Of course, though Nixon did ultimately “bring them home” and surrender control of South Vietnam to northern communists in 1973, the lives of the American soldiers under his command, and the broader cause of peace in general, were to him utterly trivial props. A large part of the Johnson administration’s failure to end the war in 1968 can be traced to Nixon’s plot to deliberately sabotage peace negotiations through his proxy, Henry Kissinger, in order to prolong the war and shred the Democrats’ credibility. The Nixon years were characterized by a rapid surge in the number of young men drafted into military service, a dramatic increase in mortality that included the deaths of twenty thousand American soldiers and over two million (mostly civilian) Vietnamese, and the illegal and secret expansion of the war to neighboring Cambodia and Laos which killed hundreds of thousands more. His Secretary of Defense Melvin Laird permanently expanded Pentagon and industry management of Defense Department policy, leading arms manufacturers to coin the phrase “Praise the Laird”; Kissinger, his National Security Advisor, funneled weapons to fascists everywhere from Chile to Pakistan. Whatever public reluctance for warmaking Nixon may have performed was a cynical act; in reality the impact of his foreign policy makes him easily one of the most prolific mass murderers in American history.

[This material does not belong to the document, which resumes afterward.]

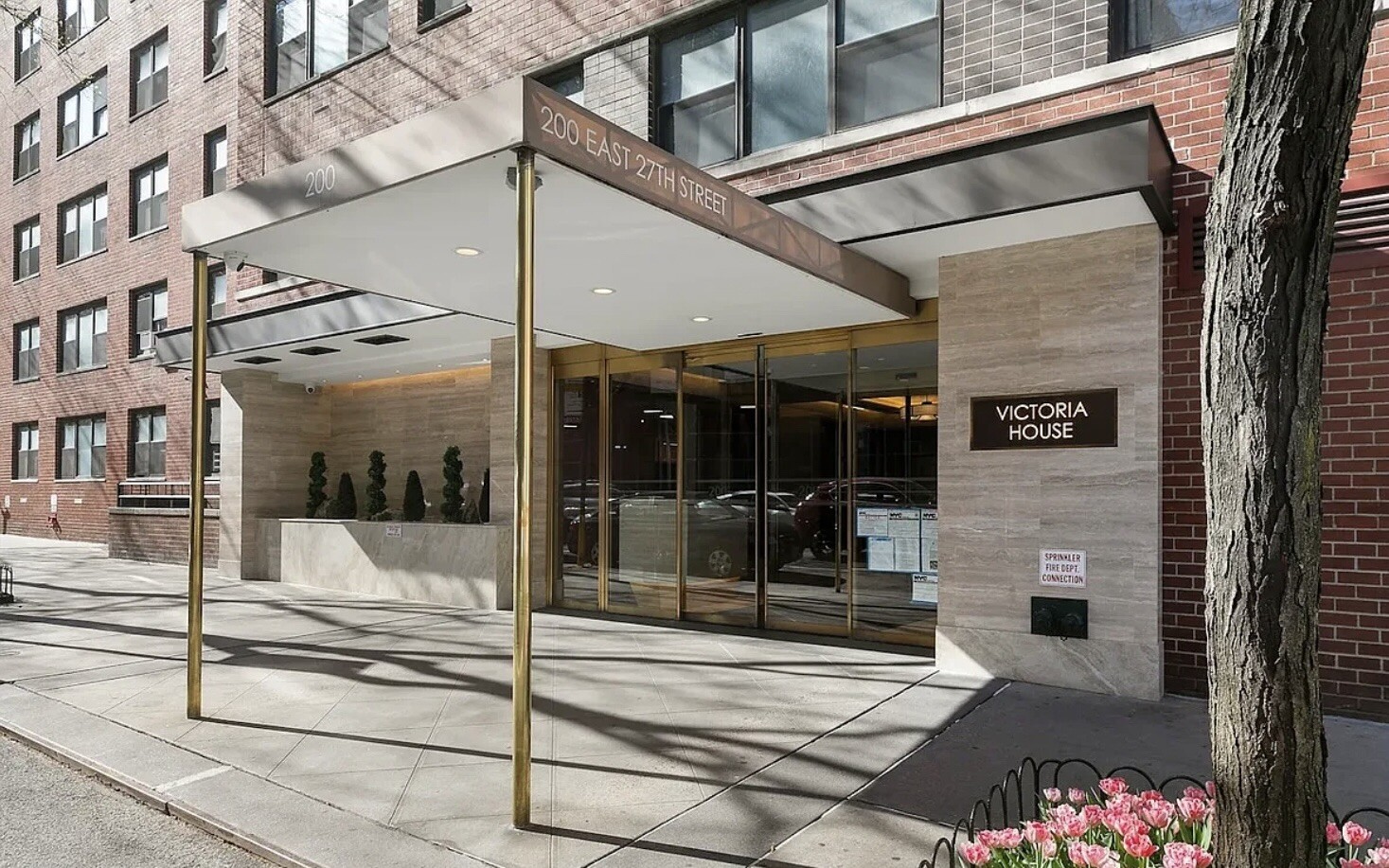 200 E 27TH Street 6W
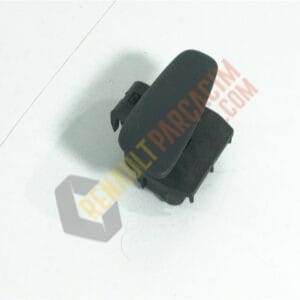 Clio 4 Torpido Kapağı Kilit Mandalı 681089881R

But his performance was significant – as is Trump’s today. Only three presidents in American history have courted anti-war sentiment to win voters: Richard Nixon, Barack Obama, and Donald Trump. They are also three of only four presidents to have been voted into office in the midst of already-declared wars. This speaks to a reality often neglected in elite discourse but critical to understanding American political life – in spite of all our saber-rattling and jingoism, war, any war, is experienced as a collective moral rupture and uneasiness, an all-encompassing anxiety and trauma that permeates every facet of a society and its unconscious and demands an answer. Our country is currently engaged in seven separate wars, all with no apparent end in sight – wars in Iraq and Afghanistan approaching their third decade, as well as wars in Libya, Yemen, Somalia, Syria, and Central Africa. Though these wars coasted seamlessly into being under cover of President Bush’s 2001 Authorization for the Use of Military Force, and though they have been waged largely from the sky in the strategy former Secretary of State Colin Powell dubbed “war without casualties” (at least, not casualties we have to see), and though both liberal and conservative broadcasting networks have largely abandoned all but the most inspirational clips in their war reporting, Americans do understand we are a country at war, and that is disquieting.
Not enough work has been done to understand the role war played in the insurgent populist campaigns that reshaped both major political parties in the 2016 election. Perhaps the only political position Bernie Sanders and Donald Trump held in common was their vocal opposition to the Iraq War. With both the Republican and Democratic Party establishments firmly committed to the politics of never-ending war, both Sanders and Trump were able to establish credibility on a visceral emotional level with voters by their frank acknowledgment that the War on Terror was and is an unredeemable catastrophe – though of course Trump’s solution, to withdraw ground troops while intensifying brutality as a deterrence to terrorism, differed tremendously from Bernie’s detailed proposals for de-escalation. Now, as Trump faces the 2020 election with historic disapproval ratings, anti-war posturing might be the only legitimately popular tactic he has left to differentiate himself from his Democratic challenger. The Democrats, as always, are making this easier for him: of the thirteen presidential candidates at the primary debate this week, only Sanders has unreservedly condemned American warmaking.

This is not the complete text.